Note Maryam is not doing an English GCSE – compulsory in schools in the UK. I checked up with the top universities and none have it as a requirement.

For Danyal the plan is for him to start his maths A-level after he’s done his Physics iGCSE which he’s hoping to do in November 2016. So he might have finished an A-level or two before he’s done with all his GCSE’s. He’s good at maths (like his father before him!).

We don’t yet have much of a plan for Sabeen but I’m hoping she might be ready for her iGCSE maths next year, in June 2017. We’re kind of assessing her aptitude and interests.

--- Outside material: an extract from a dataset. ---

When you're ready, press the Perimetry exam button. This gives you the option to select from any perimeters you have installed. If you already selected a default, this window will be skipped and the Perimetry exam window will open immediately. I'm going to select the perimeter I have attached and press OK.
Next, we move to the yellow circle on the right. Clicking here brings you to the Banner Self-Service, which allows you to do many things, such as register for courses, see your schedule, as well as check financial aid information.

Finally, the kids are continuing to learn their languages and play their sports, as per Home School 1.0, but once they start going for the GCSE’s and A-levels the hours are somewhat reduced, with exams the clear focus. We just want to get the exams out of the way…

Author: Asim Qureshi

Passionate about tech startups, home schooling, barefoot running and squash.

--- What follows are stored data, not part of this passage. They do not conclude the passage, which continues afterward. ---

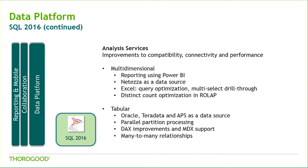The Analysis Services tabular model received an upgrade as well. Microsoft has listened to their users and worked to make tabular closer to what's available as standard features for multidimensional. There are too many things to list out individually here, but if you would like more information about these particular improvements, make sure to check out our on-demand video on SQL Server 16 for more.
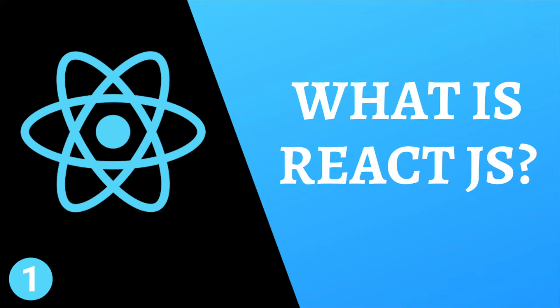Hey guys, welcome back to my channel. Today I'm starting a new tutorial series about React.js. In this video we're going to talk about what React is and why you should learn it.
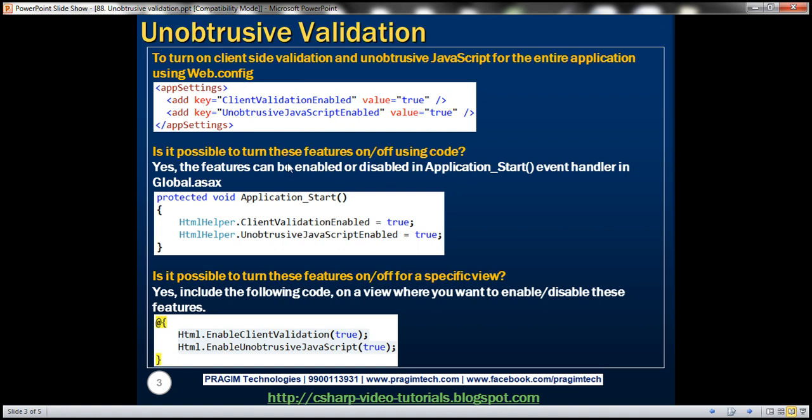Is it possible to control these features using application code? The answer is yes. For example, let's say based on certain conditions, I want to be able to either enable or disable these features programmatically. To achieve that,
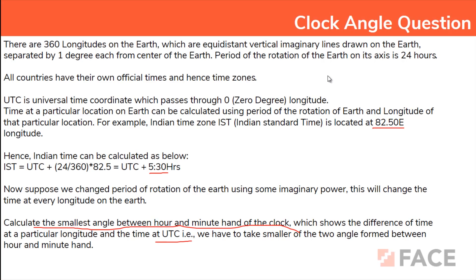Let us discuss the clock angle question. The main idea is to calculate the angle difference between the minute and hour hand. We are given a formula to calculate Indian Standard Time. For example, if the longitude is 82.5 degrees and Earth's rotation period is 24 hours per day, then IST equals 24 divided by 360 into 82.5, which gives 5.5 hours — so we are 5 and a half hours ahead of UTC.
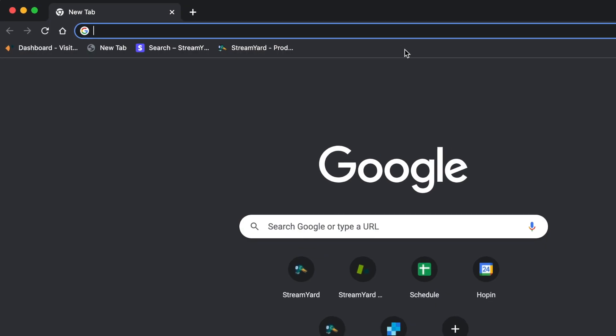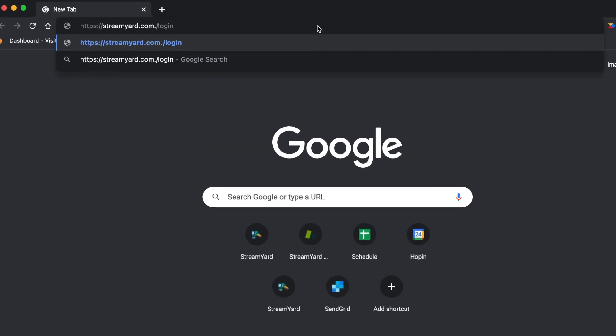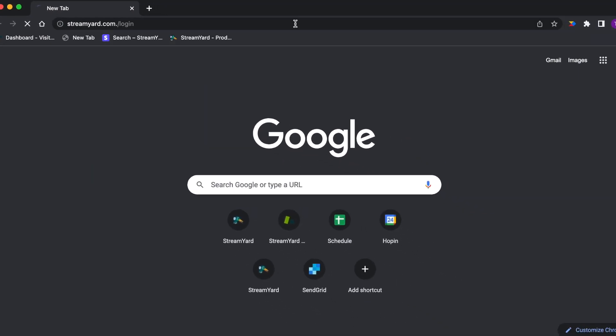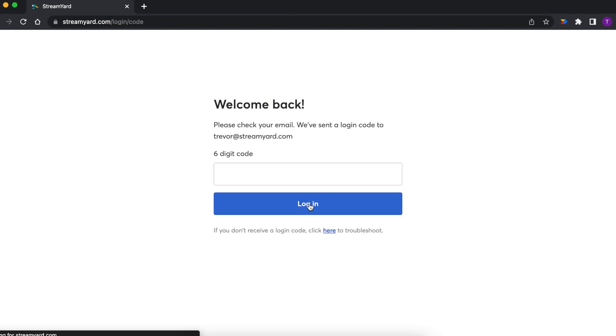To log into your StreamYard account, simply go to streamyard.com/login. Once there, enter the email address you used to create the account. A six-digit login code will be emailed to you. Remember, this code is only valid for 15 minutes. After this time, you'll need to request a new one.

8 thoughts on “Home school 2.0”

  1. Hi Mr and Mrs Qureshi,

    May I ask for your personal advise in matters related to homeschooling more than one child?

    I have two kids, boy aged 10 and girl aged 7. I am a Malaysian and am currently residing in England. My kids still attend loc school but I do supplement their academic studies during term break. Full time homeschooling is in the plan. I find getting both kids to study together is painfully difficult, they may either argue with each other or having fun non-stop. My daughter is defiant and very moody, getting her to do work is always a great challenge. How do you manage so many kids and still able to keep them focus for so long ? Do you have some kind of punishment for bad behaviour?

    FYI, we only allow 30mins gaming time everyday and no TV at home.


    Kind regards,


    1. Sam, funny enough we’re in the same boat! We have no TV, give about 30 mins game time a day, our 7 year old is moody, defiant, and difficult to get to do her work, and our kids try to either fight our play non-stop with each other!

      What Isabelle does is give a warning, and if the kids do not respond to the warning they do not get sweets after dinner, and if they don’t respond again the video game goes, etc…

      For maths, with the 7 year old, I give her a set amount of work per week, and if she doesn’t do it she has to do it over the weekend with something extra as she’s inconvenienced me, and she knows I’m serious.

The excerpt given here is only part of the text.